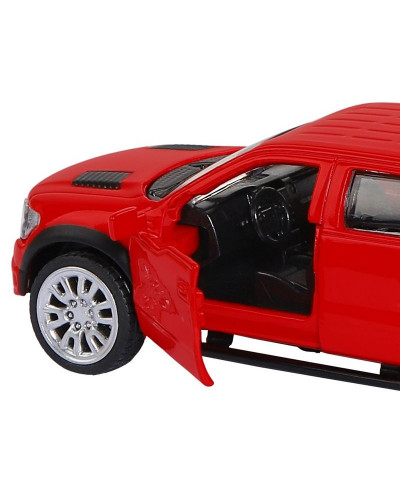 Машина "АВТОПАНОРАМА" Ford F-150 SVT Raptor-2, красный, 1/52, инерция, в/к 17,5*12,5*6,5 см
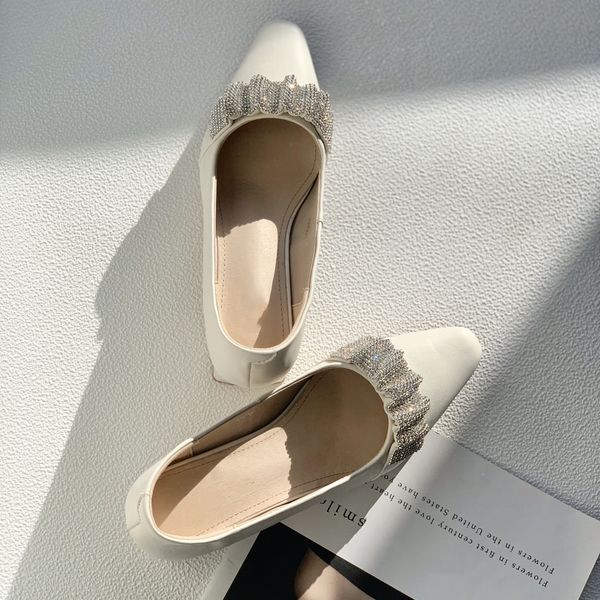 

women's shoes leather shallow mouth sandals mid-heeled spring and summer new pointed toe commuter thick high-heeled professional women, Black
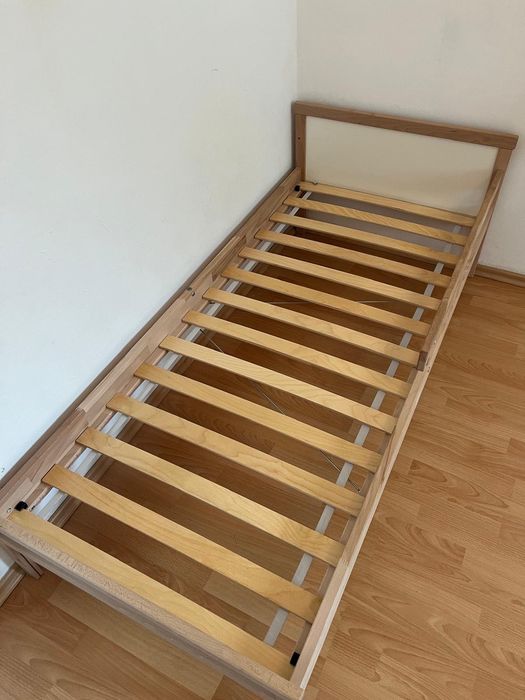 Vând pat pentru copii IKEA SNIGLAR + saltea UNDERLIG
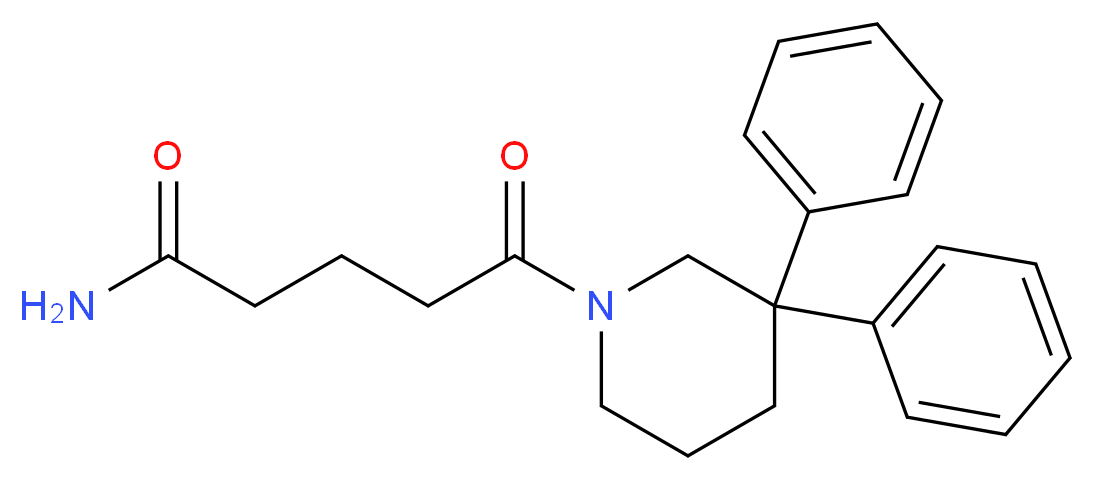 5-(3,3-diphenylpiperidin-1-yl)-5-oxopentanamide_分子结构_CAS_)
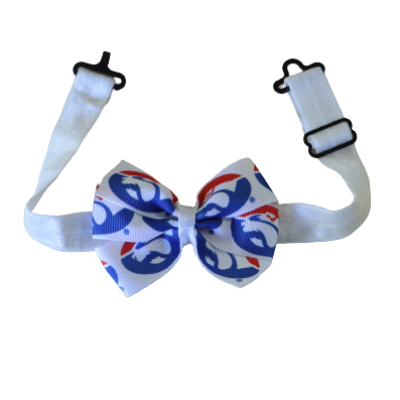 AFL Western Bulldogs Adjustable Bella Bow Tie Sports Pinkberry Kisses Men Boys Party Wedding Game Pinkberry Kisses
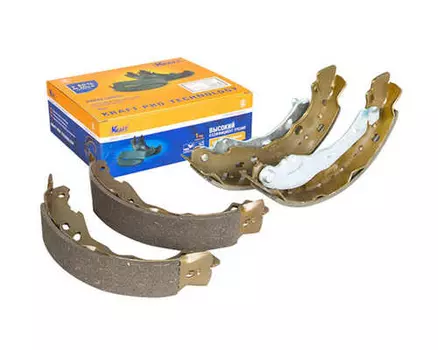 Тормозные колодки барабанные задняя ось FENOX BP53009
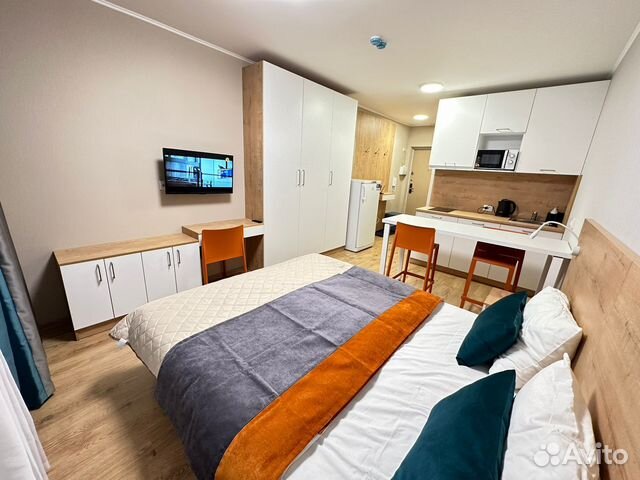 

Квартира-студия, 24 м², 1 кровать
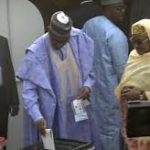Buhari, Aisha Vote In Daura, Atiku, Titi In Yola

┄┄┄┄┄┄

[WHAT THE EXERCISE ASKS]: Repeat only the lines from the one with "AFL Western Bulldogs" through the end of the data, both included and exactly as written. Pictures stay out of the copy.

[WRITTEN ANSWER]:
 AFL Western Bulldogs Adjustable Bella Bow Tie Sports Pinkberry Kisses Men Boys Party Wedding Game Pinkberry Kisses
 Тормозные колодки барабанные задняя ось FENOX BP53009

Квартира-студия, 24 м², 1 кровать
Buhari, Aisha Vote In Daura, Atiku, Titi In Yola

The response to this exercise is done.